V – ESTILO INDIVIDUAL
A linguagem poética de Mário Faustino é altamente elaborada, com senso de disciplina
e ritmo preciso. Por essa razão é tida por alguns como hermética. Ao construir
poemas, em formas tradicionais, a exemplo dos bons poetas da língua, entendia a
forma como possibilidades de novas estruturas. Daí a capacidade que possuía de
transitar da forma tradicional para variantes poemáticas próprias. Exemplo do
que afirmamos são suas experiências com o soneto. Manejou o enjambement com
muita fluência. Mário Faustino foi um poeta cuja experiência criadora
alternou-a com a experiência reflexiva de crítico, produzindo por conseguinte
inúmeros poemas metalinguísticos que questionam o fenômeno da criação
literária. Tinha predileção pela metáfora e por construções anafóricas.
Valoriza o emprego de substantivos e verbos. Por contenção verbal, restringe o
emprego de adjetivos.
VI – A OBRA “O HOMEM E SUA HORA”
O livro constitui-se de 22 poemas, incluindo o soneto “Prefácio” que antecede
aos demais textos. A obra é dividida em três partes:
1ª parte – DISJECTA MEMBRA (título inspirado nas palavras de Horácio, célebre
poeta latino, que viveu no ano 65 a.C., autor do famoso tratado de poesia “Arte
Poética”. A frase original, retirada da obra Sátiras é: “Disjecti membra
poetae: “Os membros do poeta esquartejado”, completáveis assim: não seriam
reconhecíveis se lhes desfizéssemos o ritmo e a disposição da frase.”
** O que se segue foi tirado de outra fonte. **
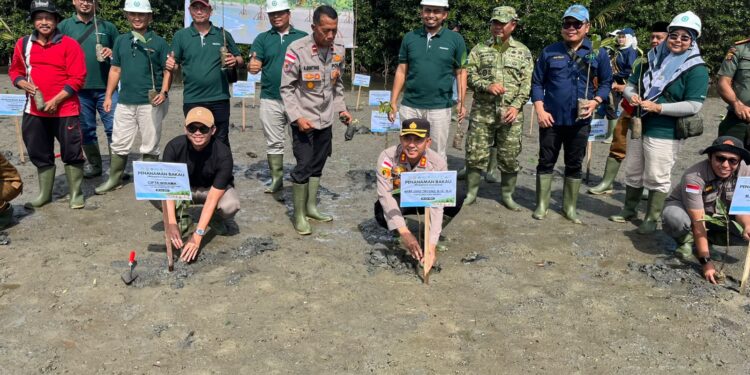 Benteng Hijau Pesisir Singkil, Pemkab dan PT PLB Tanam 3.000 Bibit Mangrove di Hari Mangrove Sedunia‎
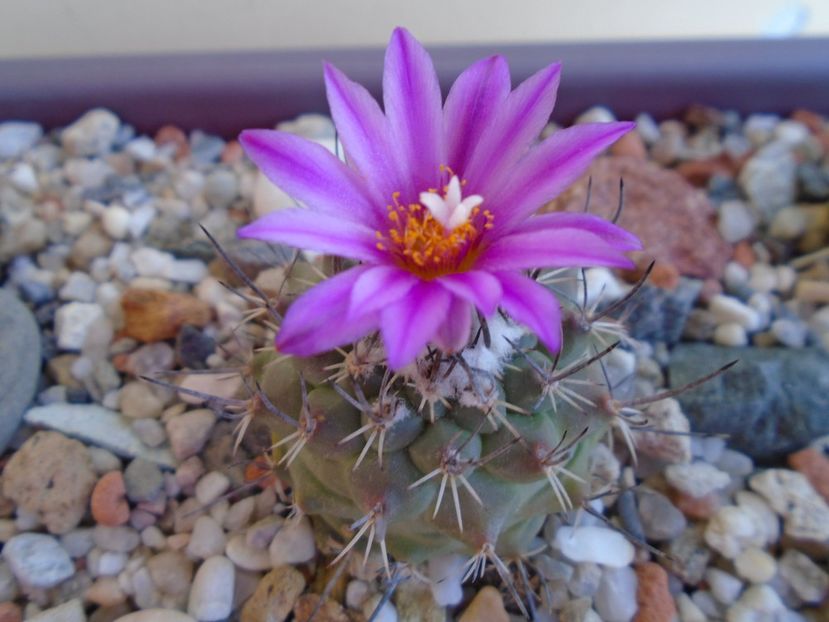 Turbinicarpus viereckii - Cactusi 2019 bis bis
Compõe-se de 13 poemas: Mensagem, Brasão, Noturno, Vigília,
Legenda, Romance, Vida toda linguagem, Estrela Rocha,
Alma que foste minha, Solilóquio, Mito, Sinto que o mês
presente me assassina e Haceldama.
2ª parte – SETE SONETOS DE AMOR E MORTE (todos em decassílabos e escritos à
maneira inglesa: os quatorze versos são compactados numa só estrofe): O
mundo que venci deu-me um amor, Nam sibyllam (do latim, é certo
Sibila), Inferno, eterno inverno, quero dar, Agonistes (do grego,
lutador, atleta), Onde paira a canção recomeçada, Ego de Mona Kateudo
(do grego pelo latim: e eu jazo sozinha), Estava lá Aquiles que abraçava.
3ª parte – Constituída por um único texto que a que deu o título à obra.
Trata-se do poema O homem e sua hora. Contém 235 versos, decassílabos na
quase totalidade. É a síntese do projeto poético de Mário Faustino.
Determinados trechos são difíceis de compreendê-los, pois exigem do
leitor conhecimentos sobre mitologia, literatura bíblica e greco-latina.
Trata-se de um longo diálogo do poeta com o mundo, sugerindo mais do que
afirmando. A intertextualidade se faz presente através de referências aos
livros do Antigo e do Novo Testamento, passando por Homero, Safo, Confúcio,
Virgílio, Homero, Dante, Pound, Mallarmé, Eliot, Jorge de Lima etc. Os versos
surgem numa cadeia sintática descontínua e reticente, instaurando no texto o
pensamento fragmentário e analógico, tornando o tom ambíguo cada vez mais
saliente no poema. É também propósito do autor enunciar, ao longo do poema,
princípios da linguagem poética que devem nortear os seus versos, privilegiando
os pressupostos de Ezra Pound: fanopeia (atribuição de imagens à imaginação
visual), logopeia (a dança do intelecto entre palavras) e melopéia
(musicalidade).
VII –
PRINCIPAIS TEMAS DO LIVRO “O HOMEM E SUA HORA”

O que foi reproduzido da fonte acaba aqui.